Your assignment>
Only these lines of the data below are wanted: the one with "6 Coventry Lane", the one with "Э.Энхбаяр: Амжилтад хүрэхэд", and any lines between them, each repeated exactly.
# # # #
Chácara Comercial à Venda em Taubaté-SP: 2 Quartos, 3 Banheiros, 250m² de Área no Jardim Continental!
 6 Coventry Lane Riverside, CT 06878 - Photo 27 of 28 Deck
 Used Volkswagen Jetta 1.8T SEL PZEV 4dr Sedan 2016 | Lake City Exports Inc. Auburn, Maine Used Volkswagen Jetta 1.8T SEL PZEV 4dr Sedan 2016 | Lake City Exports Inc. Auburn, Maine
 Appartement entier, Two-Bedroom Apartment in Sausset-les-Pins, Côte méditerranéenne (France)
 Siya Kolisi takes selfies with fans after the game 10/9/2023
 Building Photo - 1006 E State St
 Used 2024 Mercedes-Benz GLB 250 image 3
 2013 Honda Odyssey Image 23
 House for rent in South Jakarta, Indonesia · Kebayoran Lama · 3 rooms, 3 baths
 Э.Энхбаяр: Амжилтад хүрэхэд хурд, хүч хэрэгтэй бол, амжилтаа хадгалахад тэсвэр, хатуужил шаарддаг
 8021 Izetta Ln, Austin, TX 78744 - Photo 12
# # # #
Task answer>
 6 Coventry Lane Riverside, CT 06878 - Photo 27 of 28 Deck
 Used Volkswagen Jetta 1.8T SEL PZEV 4dr Sedan 2016 | Lake City Exports Inc. Auburn, Maine Used Volkswagen Jetta 1.8T SEL PZEV 4dr Sedan 2016 | Lake City Exports Inc. Auburn, Maine
 Appartement entier, Two-Bedroom Apartment in Sausset-les-Pins, Côte méditerranéenne (France)
 Siya Kolisi takes selfies with fans after the game 10/9/2023
 Building Photo - 1006 E State St
 Used 2024 Mercedes-Benz GLB 250 image 3
 2013 Honda Odyssey Image 23
 House for rent in South Jakarta, Indonesia · Kebayoran Lama · 3 rooms, 3 baths
 Э.Энхбаяр: Амжилтад хүрэхэд хурд, хүч хэрэгтэй бол, амжилтаа хадгалахад тэсвэр, хатуужил шаарддаг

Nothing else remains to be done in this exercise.